Records from a data collection.
*** Begin section ***
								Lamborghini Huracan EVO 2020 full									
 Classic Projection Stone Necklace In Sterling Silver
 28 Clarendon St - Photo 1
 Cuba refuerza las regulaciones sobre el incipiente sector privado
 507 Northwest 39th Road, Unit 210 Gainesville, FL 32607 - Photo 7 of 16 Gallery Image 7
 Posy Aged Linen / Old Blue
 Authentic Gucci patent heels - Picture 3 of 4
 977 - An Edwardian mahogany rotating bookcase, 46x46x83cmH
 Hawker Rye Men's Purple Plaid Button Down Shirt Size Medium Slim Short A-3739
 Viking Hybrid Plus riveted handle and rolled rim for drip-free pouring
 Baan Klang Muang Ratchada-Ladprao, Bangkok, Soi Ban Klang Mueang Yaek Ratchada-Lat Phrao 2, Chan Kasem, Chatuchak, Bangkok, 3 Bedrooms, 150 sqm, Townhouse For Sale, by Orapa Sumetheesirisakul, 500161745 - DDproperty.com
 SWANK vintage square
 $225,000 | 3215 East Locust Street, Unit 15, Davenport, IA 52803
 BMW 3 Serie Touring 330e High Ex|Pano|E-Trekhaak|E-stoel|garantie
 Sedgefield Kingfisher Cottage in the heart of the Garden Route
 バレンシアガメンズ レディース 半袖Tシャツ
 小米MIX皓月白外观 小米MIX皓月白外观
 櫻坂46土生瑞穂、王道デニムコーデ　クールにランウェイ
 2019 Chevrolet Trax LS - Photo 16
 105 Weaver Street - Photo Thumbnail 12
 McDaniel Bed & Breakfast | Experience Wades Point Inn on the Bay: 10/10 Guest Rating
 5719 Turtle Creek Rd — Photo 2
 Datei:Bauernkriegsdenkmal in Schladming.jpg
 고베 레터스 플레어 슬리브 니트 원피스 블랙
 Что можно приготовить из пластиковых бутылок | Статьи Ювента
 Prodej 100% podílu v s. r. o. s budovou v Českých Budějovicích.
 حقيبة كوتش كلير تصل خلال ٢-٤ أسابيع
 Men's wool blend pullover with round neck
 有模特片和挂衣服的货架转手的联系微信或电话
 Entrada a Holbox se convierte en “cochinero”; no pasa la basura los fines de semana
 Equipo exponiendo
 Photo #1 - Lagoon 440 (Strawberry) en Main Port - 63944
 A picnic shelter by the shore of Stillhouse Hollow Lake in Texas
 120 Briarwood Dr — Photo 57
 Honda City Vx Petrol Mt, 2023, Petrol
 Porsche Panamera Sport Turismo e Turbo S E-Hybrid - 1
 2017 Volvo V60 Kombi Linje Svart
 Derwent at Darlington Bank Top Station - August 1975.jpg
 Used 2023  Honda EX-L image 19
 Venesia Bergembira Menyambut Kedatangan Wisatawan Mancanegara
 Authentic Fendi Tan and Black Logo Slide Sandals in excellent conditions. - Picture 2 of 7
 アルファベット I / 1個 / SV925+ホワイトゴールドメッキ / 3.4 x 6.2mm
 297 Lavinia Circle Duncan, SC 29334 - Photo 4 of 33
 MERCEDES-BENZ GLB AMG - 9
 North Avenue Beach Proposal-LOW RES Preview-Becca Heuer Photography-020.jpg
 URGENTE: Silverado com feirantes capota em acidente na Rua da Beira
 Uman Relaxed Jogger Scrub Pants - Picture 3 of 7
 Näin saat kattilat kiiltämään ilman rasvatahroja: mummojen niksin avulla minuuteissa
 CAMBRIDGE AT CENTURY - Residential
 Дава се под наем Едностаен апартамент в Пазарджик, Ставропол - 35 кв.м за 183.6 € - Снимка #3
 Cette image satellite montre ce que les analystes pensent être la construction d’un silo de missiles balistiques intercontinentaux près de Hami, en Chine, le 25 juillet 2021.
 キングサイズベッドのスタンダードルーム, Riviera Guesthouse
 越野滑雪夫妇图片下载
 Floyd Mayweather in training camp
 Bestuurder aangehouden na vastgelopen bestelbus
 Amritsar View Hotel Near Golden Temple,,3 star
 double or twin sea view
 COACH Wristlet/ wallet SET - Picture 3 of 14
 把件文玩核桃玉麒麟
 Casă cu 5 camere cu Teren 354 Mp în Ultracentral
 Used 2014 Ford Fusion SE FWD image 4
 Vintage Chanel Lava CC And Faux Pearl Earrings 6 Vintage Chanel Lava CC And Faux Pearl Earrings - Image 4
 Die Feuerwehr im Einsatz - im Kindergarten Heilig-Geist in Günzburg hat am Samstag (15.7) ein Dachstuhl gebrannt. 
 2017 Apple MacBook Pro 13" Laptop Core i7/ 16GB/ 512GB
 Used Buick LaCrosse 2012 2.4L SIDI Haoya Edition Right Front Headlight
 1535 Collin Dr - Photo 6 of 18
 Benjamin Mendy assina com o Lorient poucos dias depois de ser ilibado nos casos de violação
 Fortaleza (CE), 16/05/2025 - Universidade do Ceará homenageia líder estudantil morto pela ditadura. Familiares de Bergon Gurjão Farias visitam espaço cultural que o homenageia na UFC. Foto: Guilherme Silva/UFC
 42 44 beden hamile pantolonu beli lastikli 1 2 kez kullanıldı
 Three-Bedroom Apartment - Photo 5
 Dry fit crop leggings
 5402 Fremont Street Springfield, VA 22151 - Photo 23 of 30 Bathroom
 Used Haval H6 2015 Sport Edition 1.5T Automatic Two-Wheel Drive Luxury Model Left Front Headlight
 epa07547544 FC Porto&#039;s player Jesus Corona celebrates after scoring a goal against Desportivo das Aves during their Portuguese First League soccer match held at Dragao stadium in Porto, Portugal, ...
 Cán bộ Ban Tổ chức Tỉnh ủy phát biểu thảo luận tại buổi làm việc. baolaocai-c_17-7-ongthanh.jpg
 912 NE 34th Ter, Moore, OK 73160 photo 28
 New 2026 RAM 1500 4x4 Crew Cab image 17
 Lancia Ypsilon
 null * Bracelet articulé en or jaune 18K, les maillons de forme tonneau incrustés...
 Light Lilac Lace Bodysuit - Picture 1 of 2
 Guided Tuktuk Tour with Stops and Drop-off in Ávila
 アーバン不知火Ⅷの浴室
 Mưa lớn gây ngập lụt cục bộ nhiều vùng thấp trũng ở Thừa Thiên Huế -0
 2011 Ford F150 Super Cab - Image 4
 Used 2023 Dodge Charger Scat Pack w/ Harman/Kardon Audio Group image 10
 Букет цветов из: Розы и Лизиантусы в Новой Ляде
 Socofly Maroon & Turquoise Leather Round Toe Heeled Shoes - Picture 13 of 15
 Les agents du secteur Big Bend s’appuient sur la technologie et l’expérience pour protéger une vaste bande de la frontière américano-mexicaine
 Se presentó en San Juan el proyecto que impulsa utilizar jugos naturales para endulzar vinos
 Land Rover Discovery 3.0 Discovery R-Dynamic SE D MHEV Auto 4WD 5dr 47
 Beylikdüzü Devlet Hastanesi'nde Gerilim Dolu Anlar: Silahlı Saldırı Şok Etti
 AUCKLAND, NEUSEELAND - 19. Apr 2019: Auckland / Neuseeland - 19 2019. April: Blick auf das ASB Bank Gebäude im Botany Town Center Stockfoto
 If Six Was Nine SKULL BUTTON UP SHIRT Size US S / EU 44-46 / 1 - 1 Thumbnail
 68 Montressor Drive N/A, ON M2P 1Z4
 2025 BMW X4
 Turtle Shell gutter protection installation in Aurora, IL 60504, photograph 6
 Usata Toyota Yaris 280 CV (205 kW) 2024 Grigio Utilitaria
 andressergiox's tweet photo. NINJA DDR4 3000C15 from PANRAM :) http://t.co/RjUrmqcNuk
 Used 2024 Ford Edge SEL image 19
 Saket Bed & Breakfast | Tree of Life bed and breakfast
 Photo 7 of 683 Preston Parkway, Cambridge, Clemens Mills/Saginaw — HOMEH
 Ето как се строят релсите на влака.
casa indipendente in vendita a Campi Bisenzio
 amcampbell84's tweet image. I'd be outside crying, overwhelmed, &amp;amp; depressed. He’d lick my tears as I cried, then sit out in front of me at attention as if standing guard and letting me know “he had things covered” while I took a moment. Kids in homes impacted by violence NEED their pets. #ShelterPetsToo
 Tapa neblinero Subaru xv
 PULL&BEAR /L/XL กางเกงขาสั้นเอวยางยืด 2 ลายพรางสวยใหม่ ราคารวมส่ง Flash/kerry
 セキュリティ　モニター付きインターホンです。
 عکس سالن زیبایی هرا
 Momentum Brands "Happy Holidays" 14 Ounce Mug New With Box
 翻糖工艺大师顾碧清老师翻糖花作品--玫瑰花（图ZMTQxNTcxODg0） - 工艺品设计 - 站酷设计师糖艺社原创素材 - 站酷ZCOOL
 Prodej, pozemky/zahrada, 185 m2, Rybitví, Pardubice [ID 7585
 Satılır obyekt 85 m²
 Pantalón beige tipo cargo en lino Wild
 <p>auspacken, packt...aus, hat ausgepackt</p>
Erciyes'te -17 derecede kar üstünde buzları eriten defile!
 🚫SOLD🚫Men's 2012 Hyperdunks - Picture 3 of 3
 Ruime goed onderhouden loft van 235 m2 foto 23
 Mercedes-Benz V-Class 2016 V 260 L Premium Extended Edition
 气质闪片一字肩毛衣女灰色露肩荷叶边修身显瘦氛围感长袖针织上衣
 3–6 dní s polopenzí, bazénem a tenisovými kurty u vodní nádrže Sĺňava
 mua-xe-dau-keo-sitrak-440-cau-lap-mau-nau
*** End section ***
Using the entries above, return exactly the lines from the line with "Die Feuerwehr im" to the line with "Socofly Maroon &", counting both of those lines.

Result for this task.
 Die Feuerwehr im Einsatz - im Kindergarten Heilig-Geist in Günzburg hat am Samstag (15.7) ein Dachstuhl gebrannt. 
 2017 Apple MacBook Pro 13" Laptop Core i7/ 16GB/ 512GB
 Used Buick LaCrosse 2012 2.4L SIDI Haoya Edition Right Front Headlight
 1535 Collin Dr - Photo 6 of 18
 Benjamin Mendy assina com o Lorient poucos dias depois de ser ilibado nos casos de violação
 Fortaleza (CE), 16/05/2025 - Universidade do Ceará homenageia líder estudantil morto pela ditadura. Familiares de Bergon Gurjão Farias visitam espaço cultural que o homenageia na UFC. Foto: Guilherme Silva/UFC
 42 44 beden hamile pantolonu beli lastikli 1 2 kez kullanıldı
 Three-Bedroom Apartment - Photo 5
 Dry fit crop leggings
 5402 Fremont Street Springfield, VA 22151 - Photo 23 of 30 Bathroom
 Used Haval H6 2015 Sport Edition 1.5T Automatic Two-Wheel Drive Luxury Model Left Front Headlight
 epa07547544 FC Porto&#039;s player Jesus Corona celebrates after scoring a goal against Desportivo das Aves during their Portuguese First League soccer match held at Dragao stadium in Porto, Portugal, ...
 Cán bộ Ban Tổ chức Tỉnh ủy phát biểu thảo luận tại buổi làm việc. baolaocai-c_17-7-ongthanh.jpg
 912 NE 34th Ter, Moore, OK 73160 photo 28
 New 2026 RAM 1500 4x4 Crew Cab image 17
 Lancia Ypsilon
 null * Bracelet articulé en or jaune 18K, les maillons de forme tonneau incrustés...
 Light Lilac Lace Bodysuit - Picture 1 of 2
 Guided Tuktuk Tour with Stops and Drop-off in Ávila
 アーバン不知火Ⅷの浴室
 Mưa lớn gây ngập lụt cục bộ nhiều vùng thấp trũng ở Thừa Thiên Huế -0
 2011 Ford F150 Super Cab - Image 4
 Used 2023 Dodge Charger Scat Pack w/ Harman/Kardon Audio Group image 10
 Букет цветов из: Розы и Лизиантусы в Новой Ляде
 Socofly Maroon & Turquoise Leather Round Toe Heeled Shoes - Picture 13 of 15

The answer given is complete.